Diffeomorphisms have received significant research focus in the medical image registration community over the past 15 years due in part to their desirable mathematical properties: the preservation of image topology and the guaranteed existence of a number of spatial derivatives. The research area began with fundamental mathematical developments detailing how a diffeomorphism can be defined and constructed in the image registration context, and subsequently, algorithms were proposed to implement the continuous domain diffeomorphic theory in the discrete domain. After several iterations in form, the geodesic regression formulation emerged, which can be understood as a natural generalization of Euclidean linear regression to a nonlinear manifold of diffeomorphisms.
Geodesic Regression in Diffeomorphisms (GRiD) is the optimization of an initial momentum field which parameterizes a geodesic flow of diffeomorphisms through a time series of images. The method involves several computational challenges: the optimization of a very high dimensional nonlinear objective function, the integration of several coupled systems of partial differential equations, and the implementation of several fundamental operations including composition of images with deformations, regularization of vector fields, and evaluation of possibly complex image similarity functionals. Additionally, several of these components have free parameters that must be selected carefully to ensure convergence and the biological validity of results.

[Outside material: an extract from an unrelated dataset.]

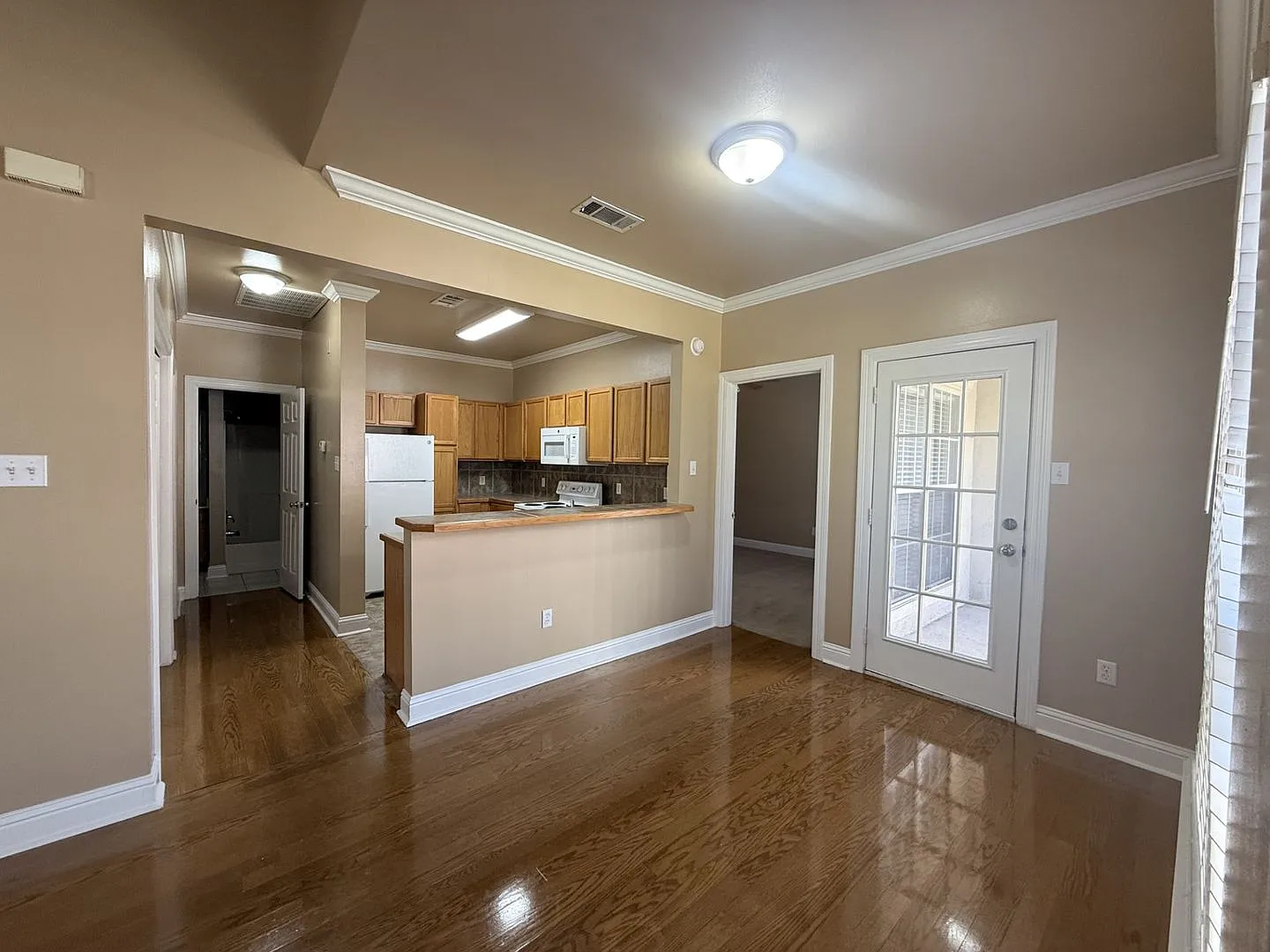 2 bedroom/2 bath condo — Photo 1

GRiD theory offers many advantages over standard image registration for the study of image deformations over time; it provides a succinct but comprehensive summary of the primary mode of image deformation over time evident in a time series, all the while guaranteeing desirable mathematical properties of the transformation flow. This powerful theory will be immensely useful in the study of growth, development, and aging in both health and disease. However, the complicated nature of the algorithm has prevented its widespread adoption in the applied medical imaging community.
The goal of this dissertation is to exposit practical and down to earth derivation, implementation, and application of GRiD. Chapters 1-3 cover those topics exactly. Additionally chapters 4 and 5 cover methods for selecting image matching functional and determining some of the model's free parameters. Chapter 6 is a complete large scale study of atrophy in Alzheimer's disease using GRiD. Chapters 7 and 8 discuss a novel extension of the GRiD model wherein multiple GRiD optimizations inform each other simultaneously.